The only other solution would be a login type system to a closed message board. PHPNuke and other sorts of software will run message boards, and you can set the permissions and logins to control who gets in. The problem here is security -- if this is compromised, it is out there on the internet behind only whatever security this message board provides.
Posted by: luminous at December 18, 2004 12:34 PM
you don't need a full CMS or (heaven help you) a slashdot clone, and if they don't have the interest in running their own server, why bother looking at Plone, PHPNuke, or anything like that? lots of corporations are looking at internal-only blogging and wikis as content management systems. this is not new territory, and they're not looking at sophisticated CMS systems.
look at what ross mayfield and his company socialtext.com are doing. they do hosted blogging services for internal only use (they host the server and lock it down to be visible only frm your site).

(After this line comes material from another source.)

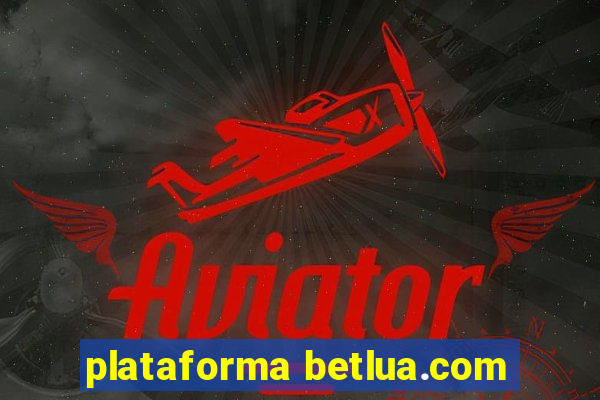 plataforma betlua.com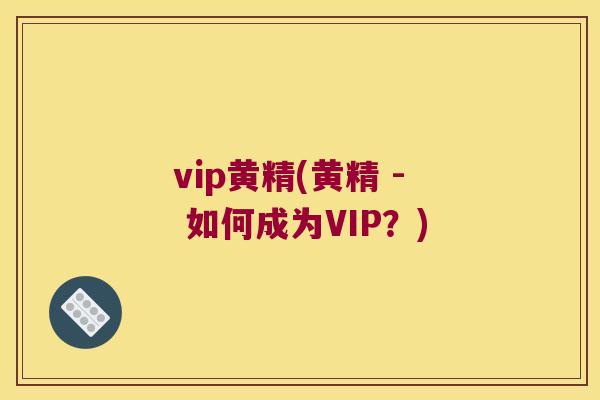 vip黄精(黄精 - 如何成为VIP？)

typepad offers password protected blogging, ie for reading and for commenting. that's probably your best bet. i don't know if blogger does that. i have been extremely happy with typepad's service, price, and terms.
what they need to do is look at what it is they're looking at doing, what goals they want to achieve. blogs are great for a publish only medium, but for easy knowledge capture they should look at something like a wiki. socialtext is one of the only reasonable places i know of doing hosted wikis. i've used their stuff and i can say it's fantastic.
i wholeheartedly agree with the idea of having it hosted somewhere, so that they don't have to deal with the burden of running their own infrastructure.
Posted by: jose at December 18, 2004 03:04 PM
I have a lawfirm-only weblog on typepad that's password protected. The dialog box for the password pops up the first time you access it, then you can check a box that says "save the log-on information" so that's it's easy to access again. I don't put anything confidential information on it, but nonetheless, it's only for law-firm use and it works fine.
Posted by: Evan at December 18, 2004 05:10 PM
Spaces, by MSN, is free and can be protected so as to allow only certain users with MSN (hotmail or passport) accounts. But it's really limited in changing stuff, so I wouldn't really recommend it. But it IS free. Blogger doesn't do the password ones anymore.
Posted by: E. McPan at December 18, 2004 05:24 PM
This is easy... I set up a blog for a friend where the homepage was available to everyone, but archives were in a directory that was password-protected. Just using .htaccess to protect the sub-directory (in his case, /archives) meant that the full text of posts was only visible to those with the password. (The home page showed just the first paragraph, kind of a teaser...) I used Movable Type for this, but it's easy enough to do with any blogging app where you have enough control over the server to set up an .htaccess file.